From f2fc81e4fba200caf9ef7ba3b6fa4acff3d1bf9f Mon Sep 17 00:00:00 2001
From: Alexandre Passos <alexandre.tp@gmail.com>
Date: Fri, 15 Apr 2011 09:14:24 -0300
Subject: [PATCH] Editing a single example for the GMM and DPGMM explaining the
 difference

---
 examples/mixture/plot_dpgmm.py | 58 ----------------------------------
 examples/mixture/plot_gmm.py   | 57 ++++++++++++++++++++++++---------
 2 files changed, 42 insertions(+), 73 deletions(-)

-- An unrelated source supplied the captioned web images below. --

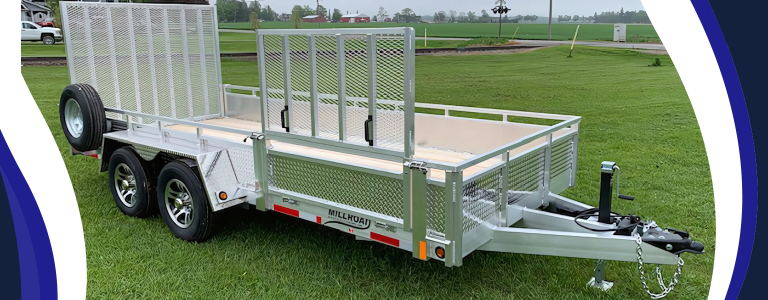 Millroad aluminum landscape trailer with dual axles and mesh loading ramp on grass field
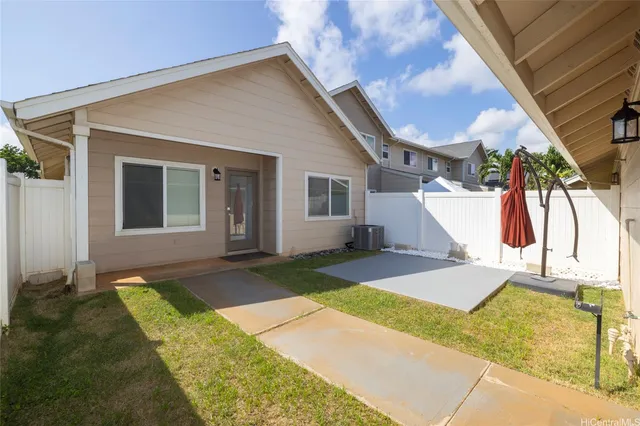 a house view with a backyard space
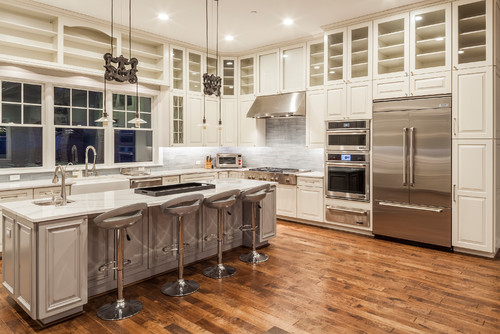 Bright open concept kitchen with large island, bar stools and white shaker kitchen cabinets surrounding stainless steel appliances
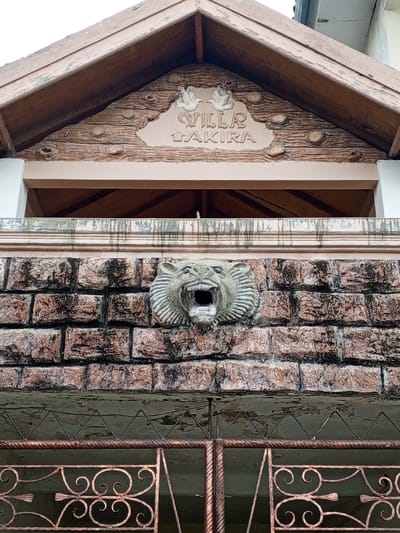 The image showcases a building facade with a rustic, textured aesthetic. "Villa Takira" is inscribed on a sign under the roof, adorned with two small bird figures. Below, a brick wall features a lion head sculpture with an open mouth. The gate in front of the wall is wrought iron with decorative swirls. The color scheme is dominated by earth tones, mainly brown, beige and hints of pink.
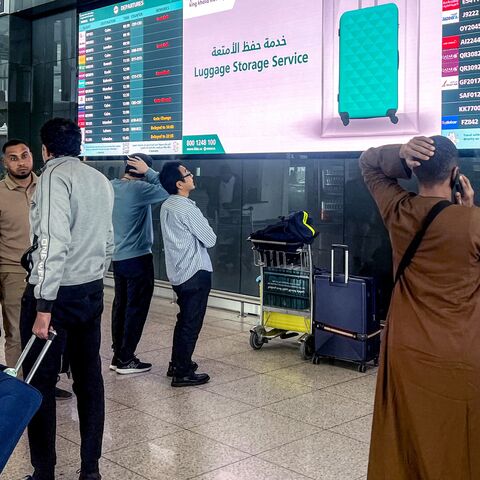 Travelers consult the departures screens at the terminal at King Khalid International Airport in Riyadh, on March 10, 2026.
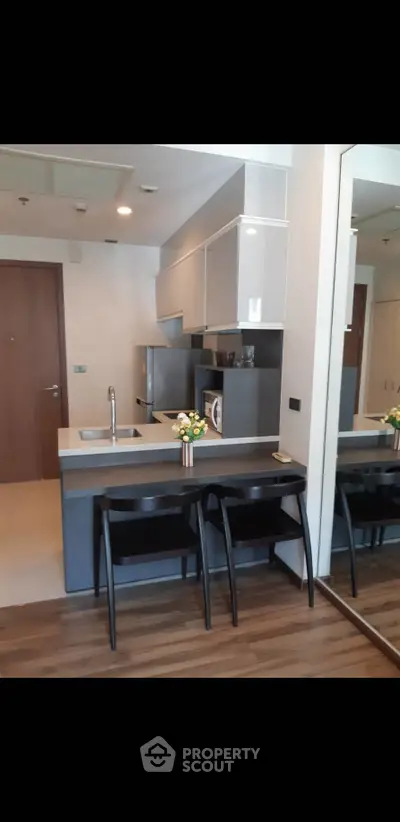 Modern kitchen with sleek design and breakfast bar in stylish apartment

 delete mode 100644 examples/mixture/plot_dpgmm.py

diff --git a/examples/mixture/plot_dpgmm.py b/examples/mixture/plot_dpgmm.py
deleted file mode 100644
index 1e0c4fab6c..0000000000
--- a/examples/mixture/plot_dpgmm.py
+++ /dev/null
@@ -1,58 +0,0 @@
-"""
-=================================
-DP Mixture Model Ellipsoids
-=================================
-
-Plot the covariance ellipsoids of a dirichlet process mixture of two
-gaussians for varying values of the alpha parameter.
-
-Note that we generate the data from two components, which are
-correctly recovered by the dirichlet process, even though the
-approximating distribution is truncated at five components.
-"""
-
-import numpy as np
-from scikits.learn import mixture
-import itertools
-
-import pylab as pl
-import matplotlib as mpl
-
-n, m = 200, 2
-
-# generate random sample, two components
-np.random.seed(0)
-C = np.array([[0., -0.7], [3.5, .7]])
-X = np.r_[np.dot(np.random.randn(n, 2), C),
-          np.random.randn(n, 2) + np.array([3, 3])]
-
-for p, alpha in enumerate([0.01, 1.]):
-    # fit a five-component dirichlet process mixture model on the
-    # data.
-    clf = mixture.DPGMM(n_states=5, cvtype='diag', alpha=alpha)
-    clf.fit(X)
-
-    splot = pl.subplot(311 + p, aspect='equal')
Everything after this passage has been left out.